* EXERCISE OBJECTIVE: Print exactly the lines from the one that contains "Modern Flower Mound" through the final line of the entries below, both included, and nothing else; omit the pictures.

--- TASK MATERIAL ---

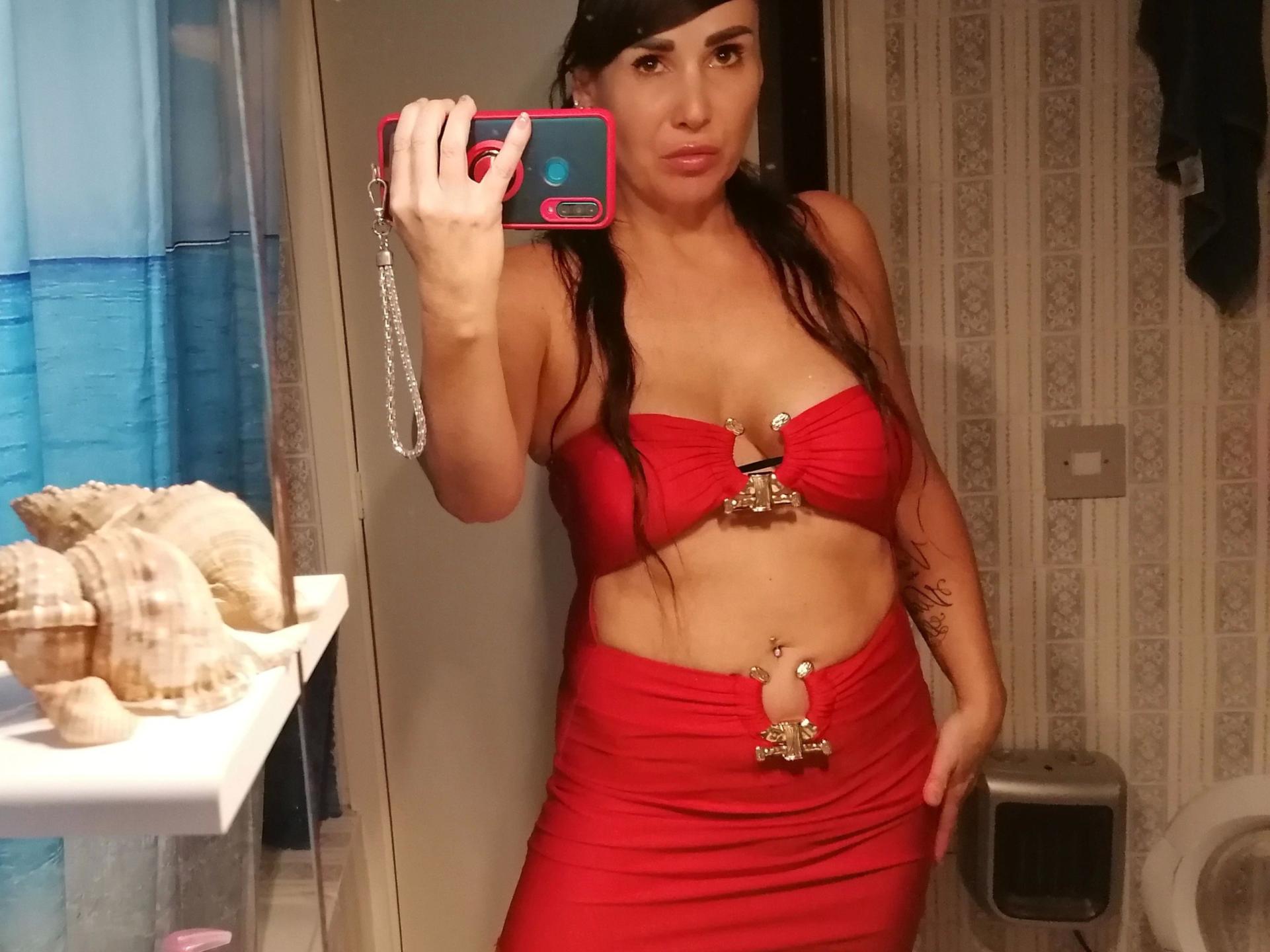 Image of cam model VictoriaFoxx-hot from XloveCam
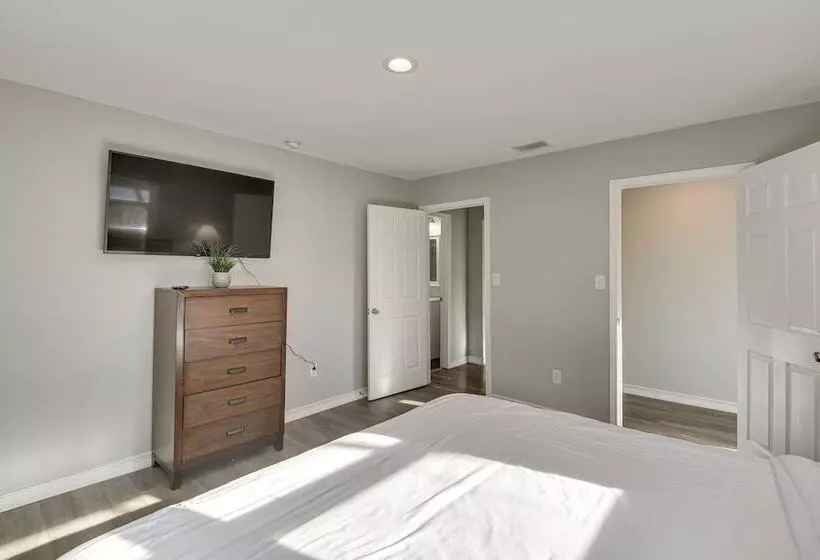 Modern Flower Mound Home < 2 Mi To River Walk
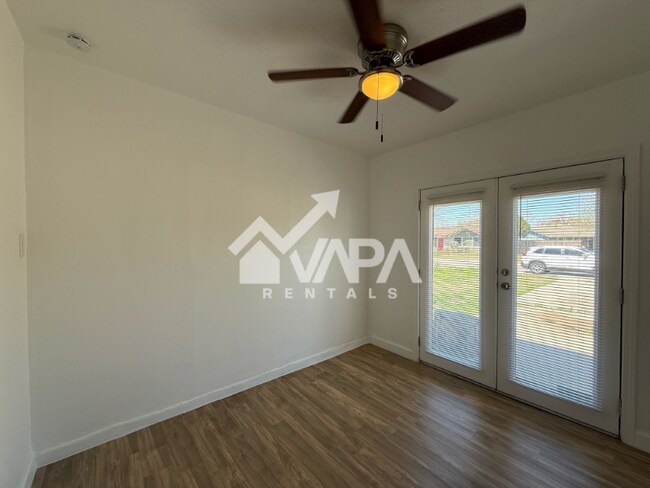 Building Photo - 7210 Glen Cross Dr
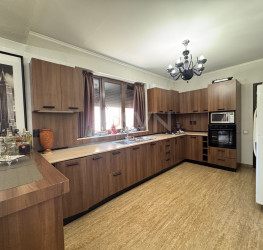 Casa, 5 rooms, 200 mp Ilfov/Buftea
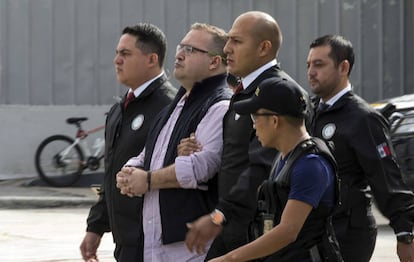 Javier Duarte es escoltado por polic&iacute;as en Guatemala, el pasado mes de julio.  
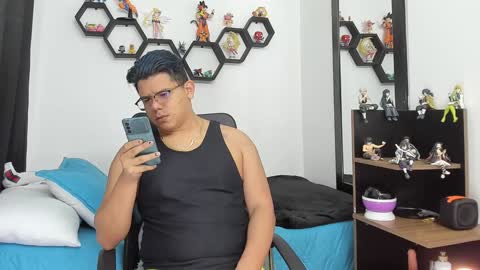 Siul Thompson online show from February 4, 12:22 pm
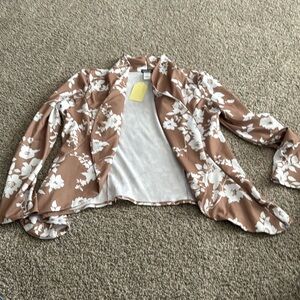 Short Heimish blazer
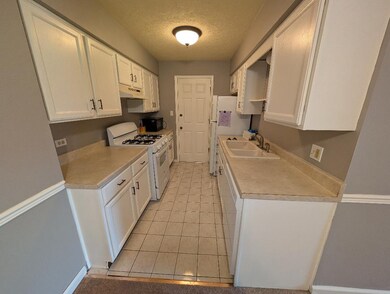 5723 129th St unit 7F, Crestwood, IL 60418 - photo 2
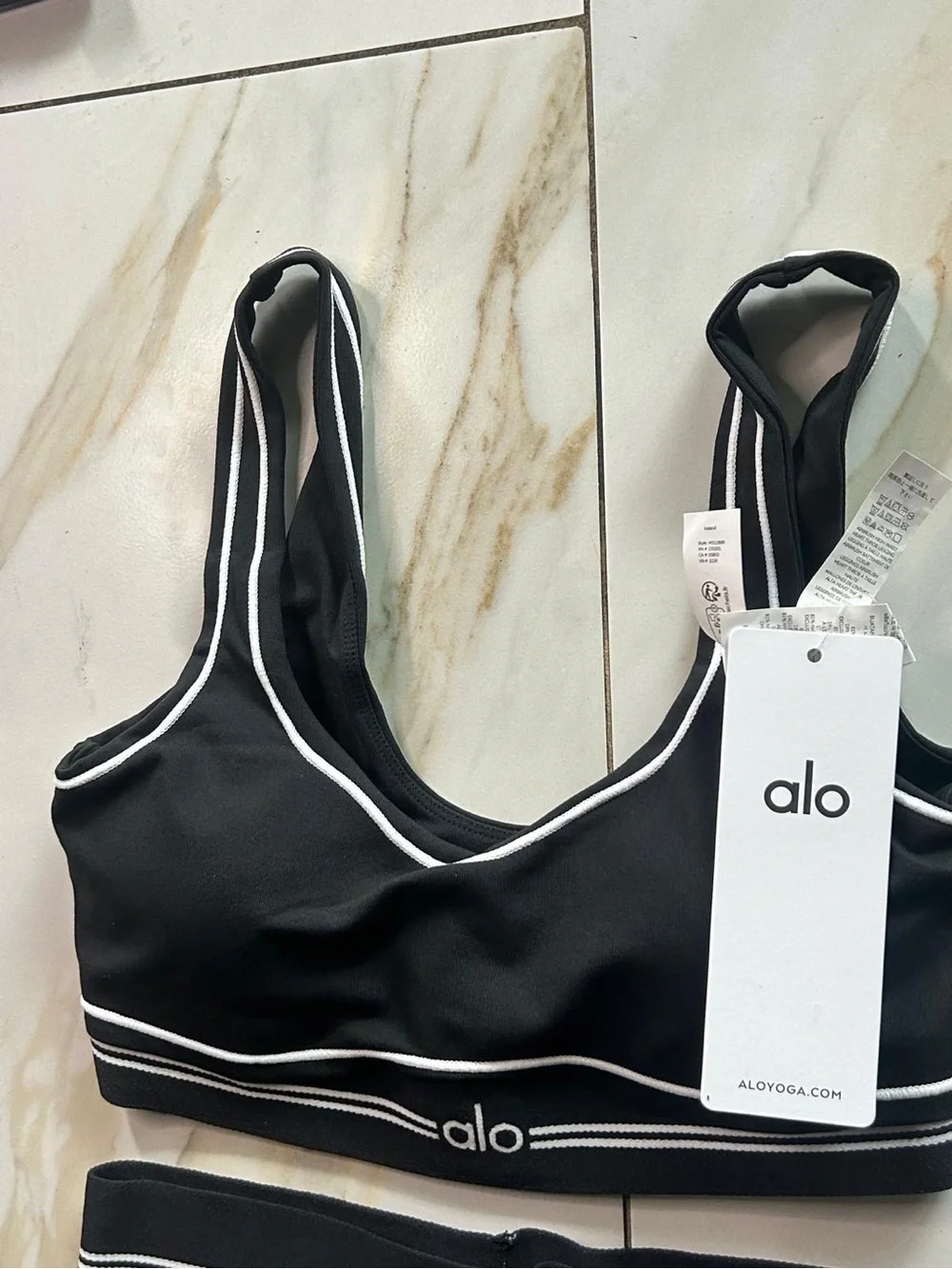 ALO Yoga Black Legging & Sports Bra Set with White Contrast Piping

---

* ANSWER TO THE PROBLEM:
 Modern Flower Mound Home < 2 Mi To River Walk
 Building Photo - 7210 Glen Cross Dr
 Casa, 5 rooms, 200 mp Ilfov/Buftea
 Javier Duarte es escoltado por polic&iacute;as en Guatemala, el pasado mes de julio.  
 Siul Thompson online show from February 4, 12:22 pm
 Short Heimish blazer
 5723 129th St unit 7F, Crestwood, IL 60418 - photo 2
 ALO Yoga Black Legging & Sports Bra Set with White Contrast Piping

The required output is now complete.